Peran akuntan publik dalam pemeriksaan pajak
Bisnis Indonesia edisi 17 Juli lalu memuat head line berjudul Ditjen Pajak setuju libatkan akuntan publik. Sebetulnya pelibatan akuntan publik dalam perpajakan bukan hal yang baru.
Pada era awal 80-an terdapat keputusan Menteri Keuangan yang mengatur bahwa laporan keuangan yang sudah diperiksa oleh akuntan publik tidak akan diperiksa lagi oleh instansi pajak.
Tetapi karena ternyata banyak akuntan yang berkelakuan seperti tukang jahit, maka ketentuan tersebut tidak diberlakukan lagi.
Stigma bahwa profesi akuntan merupakan profesi yang tidak bisa dipercaya itu tetap melekat sampai sekarang. Pendapat Anggota Komisi XI DPR Drajat H. Wibowo yang menyatakan bahwa usulan Tim Review RUU Perpajakan untuk memangkas kewenangan Ditjen Pajak dan menyerahkannya ke akuntan publik merupakan pemikiran yang salah kaprah, bisa diterima. Jangan-jangan justru sebagai sarana penggelapan pajak.
Tukang jahit
Bahwa akuntan publik di Indonesia bertindak seperti tukang jahit adalah suatu yang riil. Anda bisa minta akuntan untuk memberikan pendapat apa saja mengenai laporan keuangan Anda.

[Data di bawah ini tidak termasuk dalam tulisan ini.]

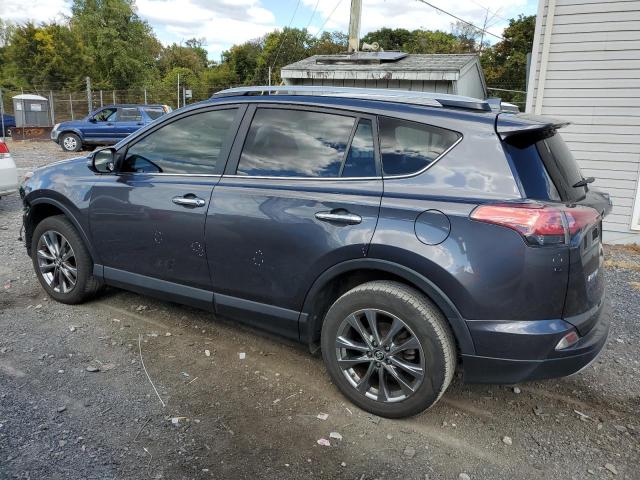 JTMDFREV5JJ175848 - 2018 TOYOTA RAV4 LIMITED GRAY photo 2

Wajar tanpa sarat, wajar dengan pengecualian, pendapat tidak wajar, atau pendapat tidak memberikan pendapat.
Anda juga bisa meminta akuntan publik mempercantik angka-angka laporan keuangan, atau sebaliknya mendramatisir keparahan usaha Anda.
Pokoknya model apapun yang Anda minta, akuntan publik bisa memenuhinya.
Tetapi tentu saja tidak semua akuntan publik di Indonesia itu berlaku seperti itu. Akuntan publik yang menjunjung norma dan etika juga tidak sedikit.
Akuntan publik sebagai profesi seperti halnya profesi lain tidak steril terhadap adanya penyimpangan. Akan ada oknum-oknum yang tidak mematuhi rambu-rambu yang ditetapkan profesi.
Jadi tidak adil dengan generalisasi bahwa akuntan publik adalah tukang jahit sehingga dijadikan faktor penghambat untuk dilibatkan dalam masalah perpajakan.
Adanya penolakan pelibatan akuntan publik dalam memeriksa perpajakan merupakan tamparan bagi profesi akuntan.
Suatu tamparan yang memang harus diterima karena memang demikian adanya. Profesi akuntan, termasuk di dalamnya akuntan manajemen, adalah profesi abu-abu.
Harus diakui bahwa profesi akuntan turut menyumbang terjadinya krisis ekonomi.
Kelakuan akuntan yang miring ini, ternyata tidak hanya terjadi di sini. Dibelahan bumi lain pun sama saja. Kasus Enron, Worldcom dan lain-lain yang tergolong kejahatan akuntansi, adalah contoh kondisi ini.
Oleh karena itu, tampaknya Ikatan Akuntan Indonesia (IAI) sudah saatnya mengajak para anggotanya untuk secara bersama-sama melakukan tobat nasional, berhenti menjadi tukang jahit. Mengakhiri stigma negatif ini atau membiarkannya untuk selama-lamanya.
Cap sebagai tukang jahit ini cukup merugikan perkembangan profesi akuntan di dalam negeri. Banyak kasus audit yang seharusnya bisa ditangani oleh kantor akuntan publik lokal, tetapi diserahkan ke akuntan publik luar.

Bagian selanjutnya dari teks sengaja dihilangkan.